US sanctions authority OFAC announces de-listing

Removal from the list of sanctioned entities.

24.04.2024

The United States Office of Foreign Assets Control (OFAC) has removed OWH SE i.L. (OWH), which operated as VTB Bank (Europe) SE prior to its renaming, from the list of sanctioned entities. This is a consequence of the German Federal Financial Supervisory Authority’s (BaFin) shielding of the Russian majority shareholder VTB Bank PJSC. With this so-called de-listing of 8 April 2024, OFAC, supplemented by a general license issued on 19 April 2024, clarified that all transactions with OWH are permissible from the perspective of US sanctions law and that frozen US assets of OWH are freely available to it again. This means that OWH is not subject to sanctions-related restrictions in either the European Union or the United States of America. In the United Kingdom, it has a far-reaching liquidation license.

“Of course, OWH will continue to comply with all US sanctions regulations, including those relating to sanctioned persons and companies from Russia, even after the de-listing that has now taken place, just as we have done to date,” says Frank Hellwig, the special representative of BaFin and liquidator at OWH. “However, this simplifies the liquidation of OWH considerably,” adds the second liquidator Miro Zadro. “In particular, it is now legally possible to access OWH’s previously frozen assets at US banks.

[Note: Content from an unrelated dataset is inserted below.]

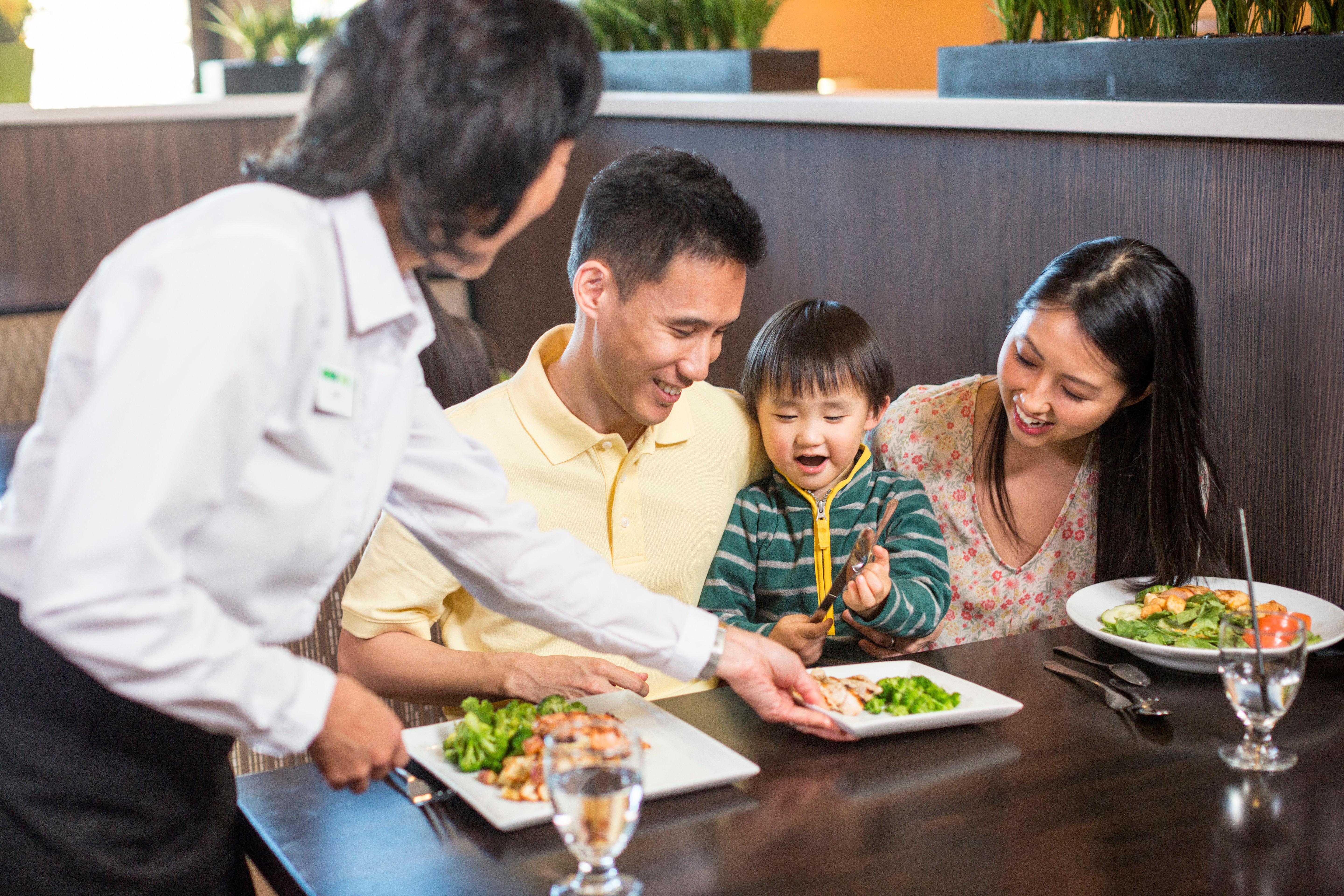 Holiday Inn Grand Rapids North - Walker By Ihg Extérieur photo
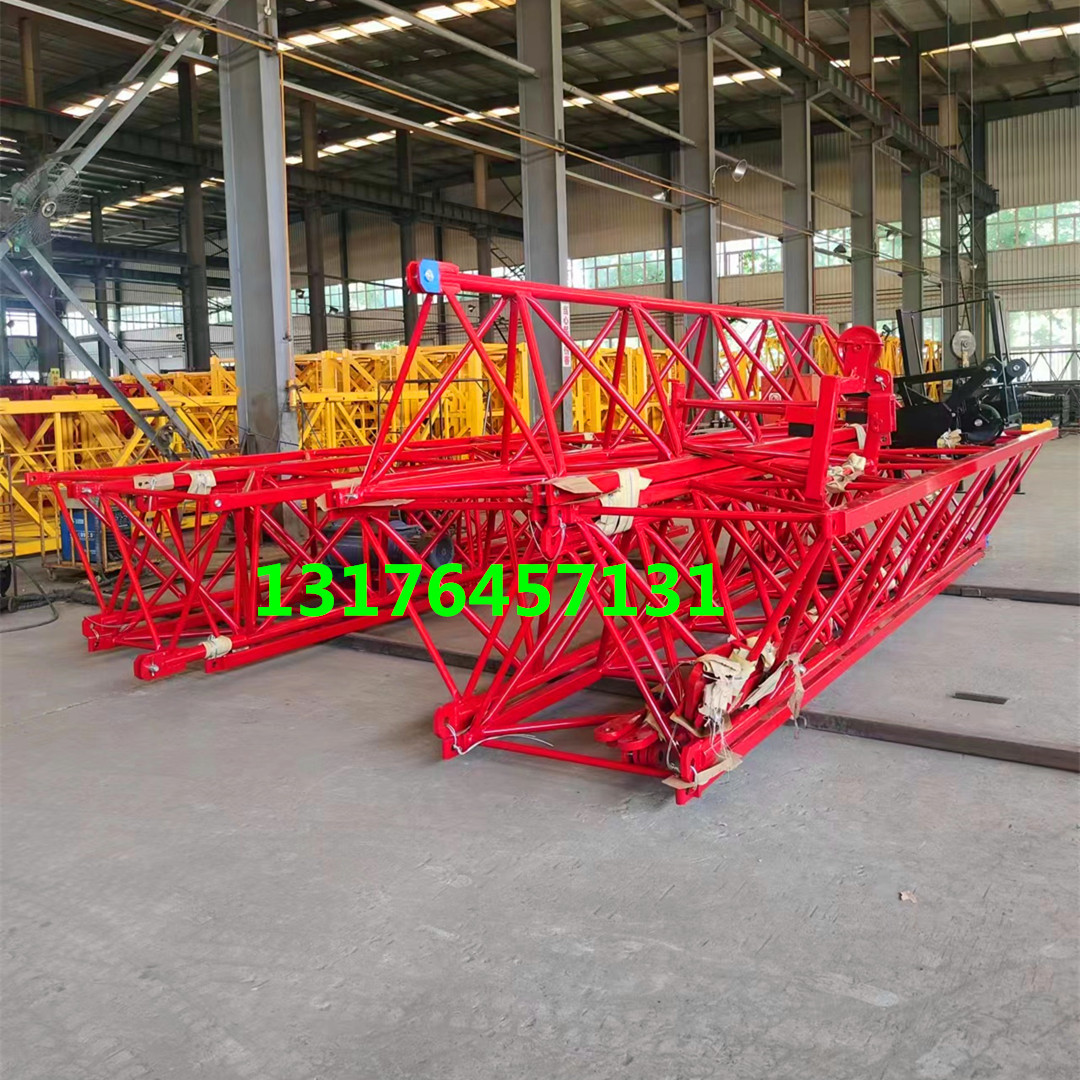 微信图片_20230824162828_副本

We have entered into dialogue with the US banks concerned in order to be able to dispose of the assets there again. In the coming weeks and months, we will be working with the customers concerned to find ways and means to fulfil mutual claims and liabilities and thus get them off our books in accordance with the liquidation resolution.”

In February 2022, BaFin had already issued far-reaching orders to ensure compliance with Western sanctions, prevent an outflow of funds to Russia and ensure the solvency of the institution. In April 2022, BaFin prohibited the Russian majority shareholder VTB Bank PJSC from exercising the voting rights from its shares in OWH. At BaFin’s request, the Frankfurt am Main Local Court transferred the voting rights to a trustee. As a result of these measures, the bank, which now trades as OWH SE i.L., is completely shielded from its Russian parent company and its group.